Tweak Your Diet to Optimise HGH
The trick to get most HGH from your diet is to minimise carb intake and ideally in one sitting, consume a good amount of protein and stick to the fats known to boost HGH like coconut and MCT oils.
Calories aren’t that important provided there is not a huge deficit for an extended period of time.
Macronutrients HGH – Protein, Carbs and Fats
There are 3 macronutrients and you have heard of all of them.
Protein, Carbohydrates and Fats.
All food can be broadly categorised into one of these; chicken is a protein, rice is a carbohydrate and butter is a fat.
The reality is that almost all food is a mixture of the 3. For example, an Avocado is comprised of 5% protein, 20% carbs and 75% fat.
Tracking “macros” is a common practice in bodybuilding. Lifters will look to set a ratio of macros such as 2:1:1, meaning to get 50% of their calories from protein, 25% from carbs and the remaining 25% from fat.
Note that a gram of protein and carbs has 4 calories and a gram of fat has about 9 calories.
The purpose of counting macros is simply to ensure you get the right amount of each (obviously) because each is important for different reasons.
- Protein maximises protein synthesis, repair muscles and grow them.
- Carbs provide energy for lifting from glycogen.
- Fats are the building blocks of sex hormones like testosterone.
You want enough of each to maximise each of their roles. In a cut lifters often pay attention to lowering carbohydrates to speed up fat loss and up protein and fat to maintain muscle and hormone levels.
HGH and Macronutrients
1. Protein – As discussed across this website, protein and more specifically amino acids are the building blocks of HGH.
This is in contrast to other hormones such as testosterone where cholesterol is used (1).
As a lifter you would probably want a standard bodybuilding amount of protein in your diet, which would be about 2 grams per kg of body weight.
2.Carbohydrates – Evidence suggest that less carbs in your diet will produce more HGH. A study (3) looked at experimental diets over 10-12 days:
- a) 2300 calorie, 80% carbohydrate (8 men)
- b) 2300 calorie, 75% high-fat (7 men)
- c) 2300 calorie, 70% high-protein (5 men)
- d) 3600 calorie, “control” (40% carbohydrate, 40% fat, 20% protein) (5 men)
- e) 3600 calorie, 80% high-carbohydrate (5 men)
Each of these diets was ended with a 72 hour fast.
The results found that the high carbohydrate diet significantly reduced HGH levels at both caloric levels.
Insulin suppresses HGH production, the likely reason for the decrease found in this study. A way around this could be to eat all carbs in one sitting so insulin is only spiked once a day.

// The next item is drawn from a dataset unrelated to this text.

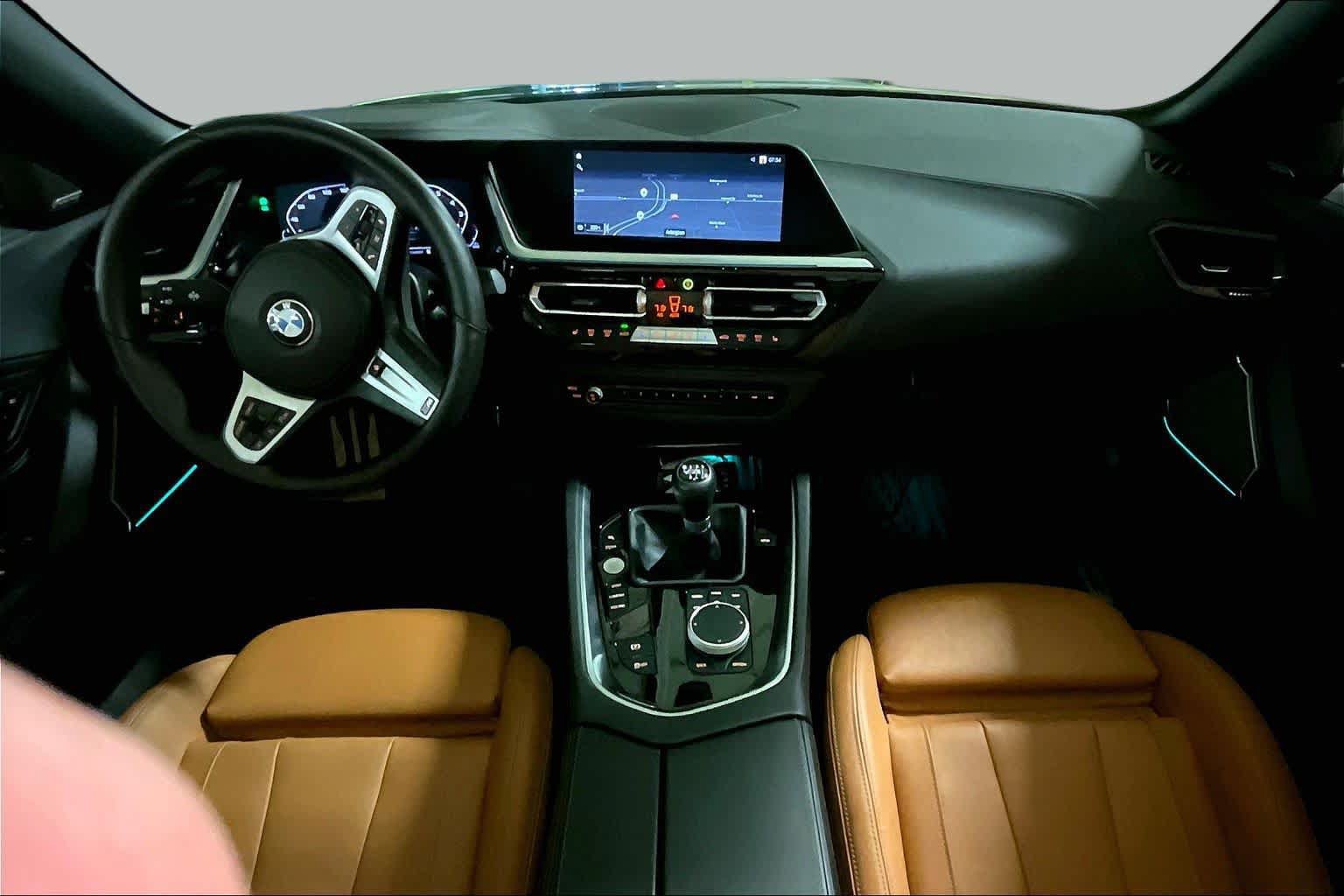 Used 2025 BMW Z4 M40i w/ Edition RWD image 13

3.Fats – High fat food ingestion blunts the exercise induced GH response in adults (4).
Given the importance of fat for health, including of other hormones like testosterone, I wouldn’t not recommend going too low.

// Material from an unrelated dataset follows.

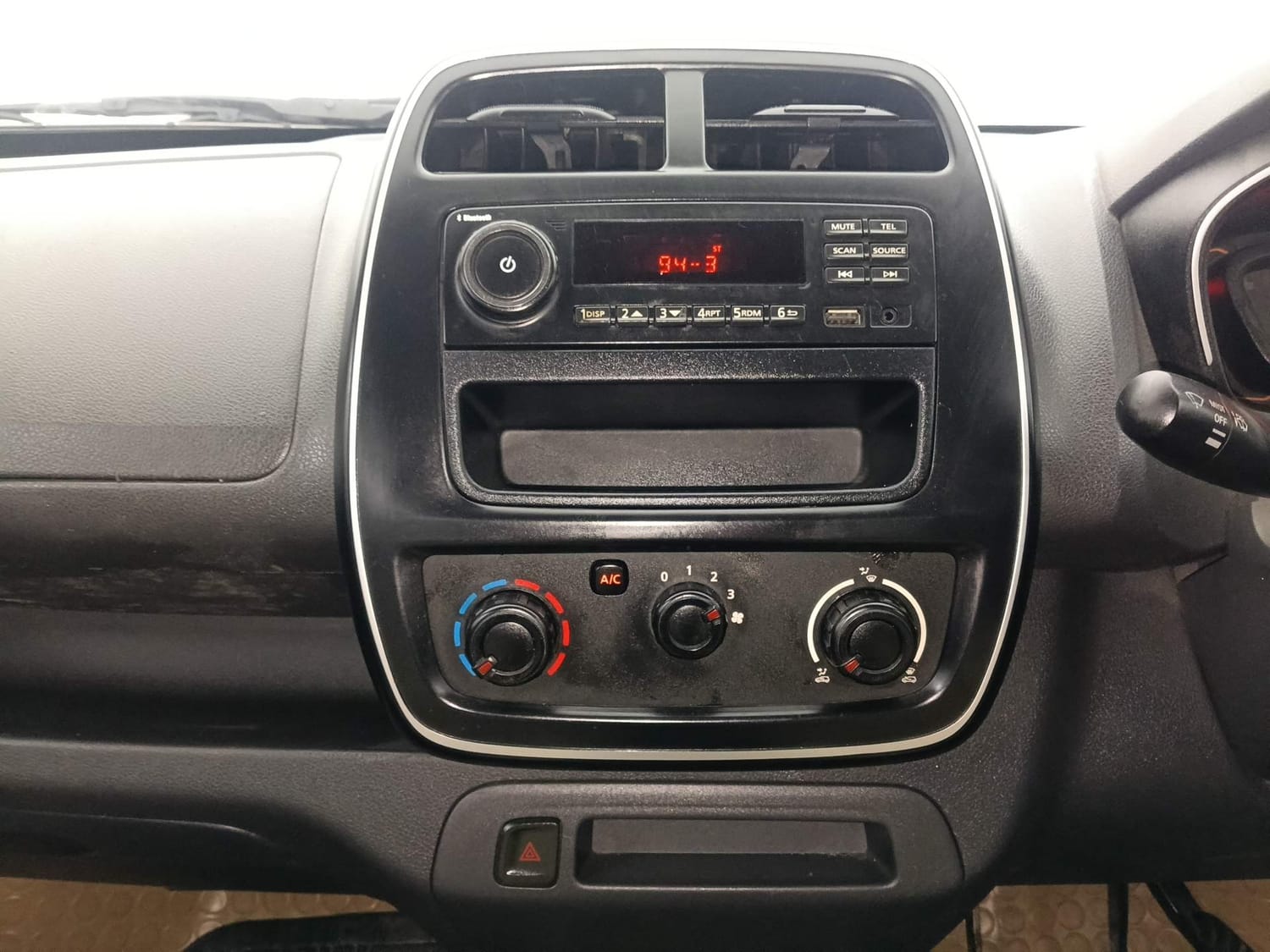 Used 2015 Renault Kwid RXL Petrol Manual interior MUSIC SYSTEM & AC CONTROL VIEW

Just avoid it pre workout and stick to the types known to increase HGH like Coconut and MCT oil.
Caloric Intake and HGH
It should also be noted that caloric intake has seemingly little impact on HGH as long as it’s not too low as the study with the experimental carbohydrate diets showed.
Going excessively high on calories will not pump out additional HGH.
As the intermittent fasting article discusses on our websites, not eating food for controlled periods of time can massively boost HGH and other anabolic hormones.
However, an extended period of caloric deficit – to the point considered serious food deprivation can inhibit GH secretion. This has been shown in rats (5).
It is likely that this would be the case in humans too. It is well known that malnutrition stunts growth which will largely be due to less HGH secretion.
The ideal level of calories would be a maintenance level at a body fat percentage of 8-12% – as discussed in the low bodyfat article.
Going in a slight deficit should not reduce HGH levels to any notable degree.
HGH high protein low carb diet
To maximise HGH you should steadily diet down to 8-12% body fat.
Then eat a maintenance level of calories (or sight surplus for muscle building) with a low level of carbs, ideally in one sitting.
Eat a respectable amount of protein – 2 gram per kg of bodyweight – which will be about 140 grams to 200 grams for most readers.
Don’t cut fat intake too low – stick to fat known to boost HGH, like those containing MCT’s.